[Caption-style text data]
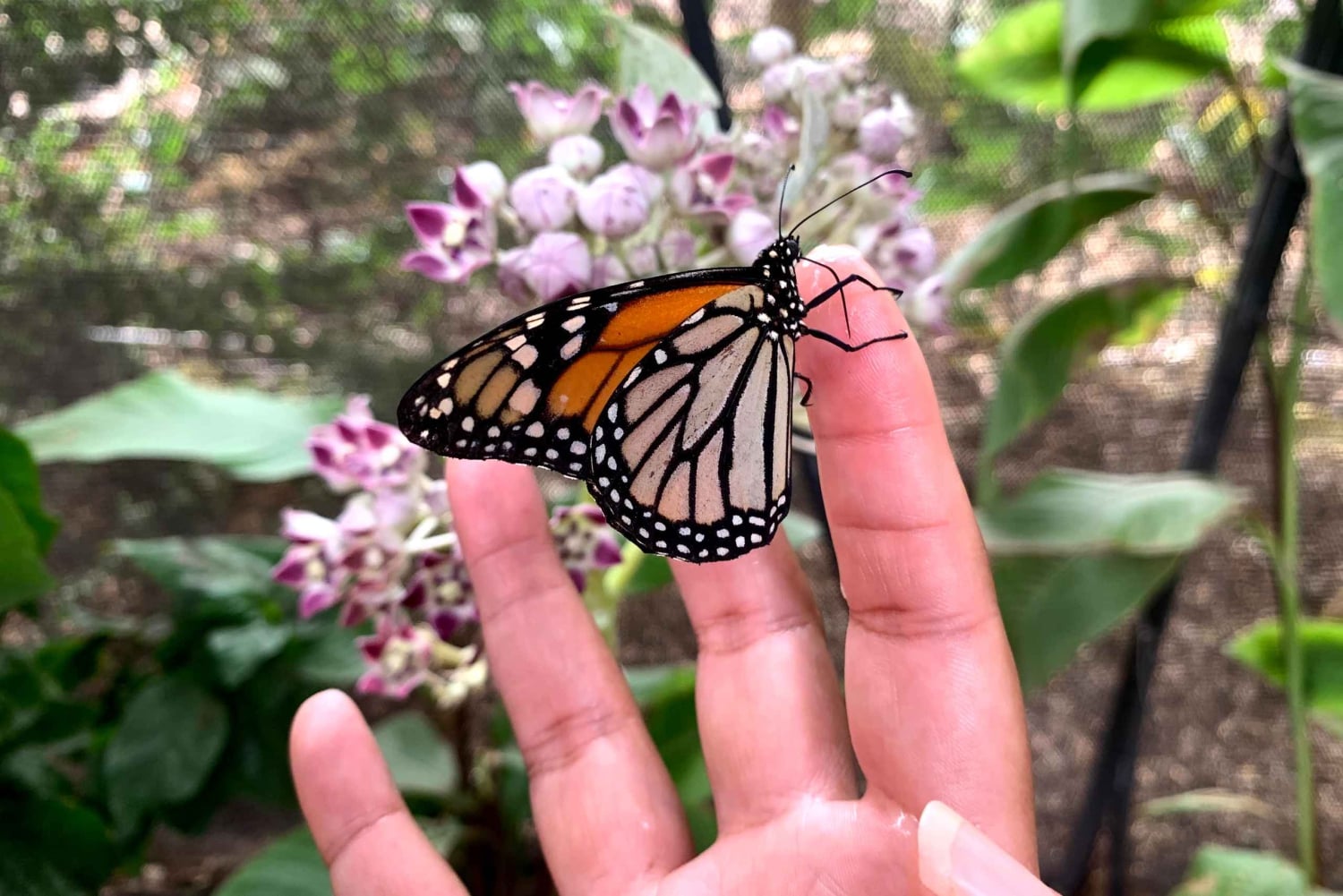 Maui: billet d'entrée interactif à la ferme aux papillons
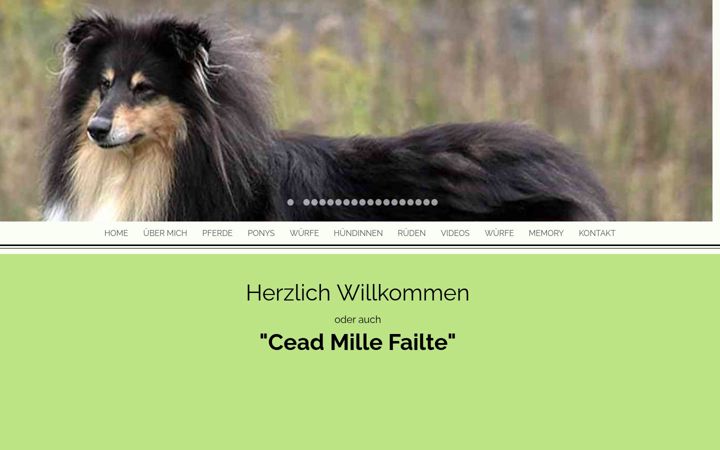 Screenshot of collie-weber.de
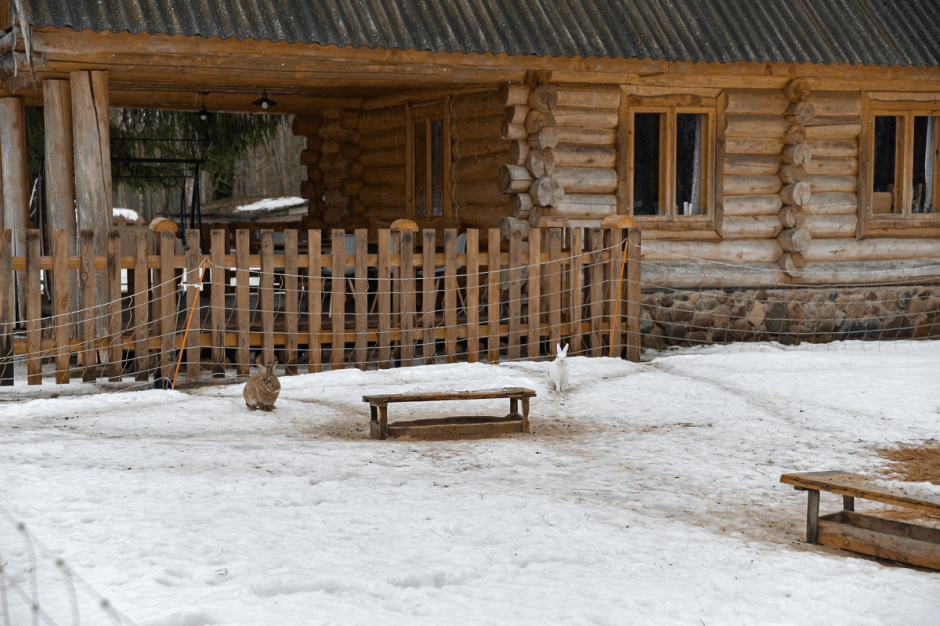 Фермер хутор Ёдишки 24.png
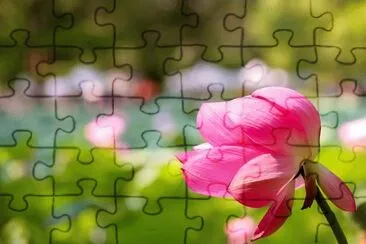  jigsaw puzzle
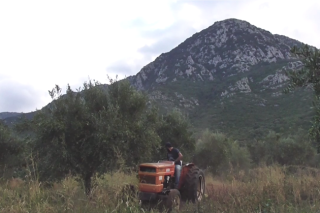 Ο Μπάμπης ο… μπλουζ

● WHAT IS EXPECTED: Transcribe every entry exactly, omitting pictures.

● REPLY:
 Maui: billet d'entrée interactif à la ferme aux papillons
 Screenshot of collie-weber.de
 Фермер хутор Ёдишки 24.png
  jigsaw puzzle
 Ο Μπάμπης ο… μπλουζ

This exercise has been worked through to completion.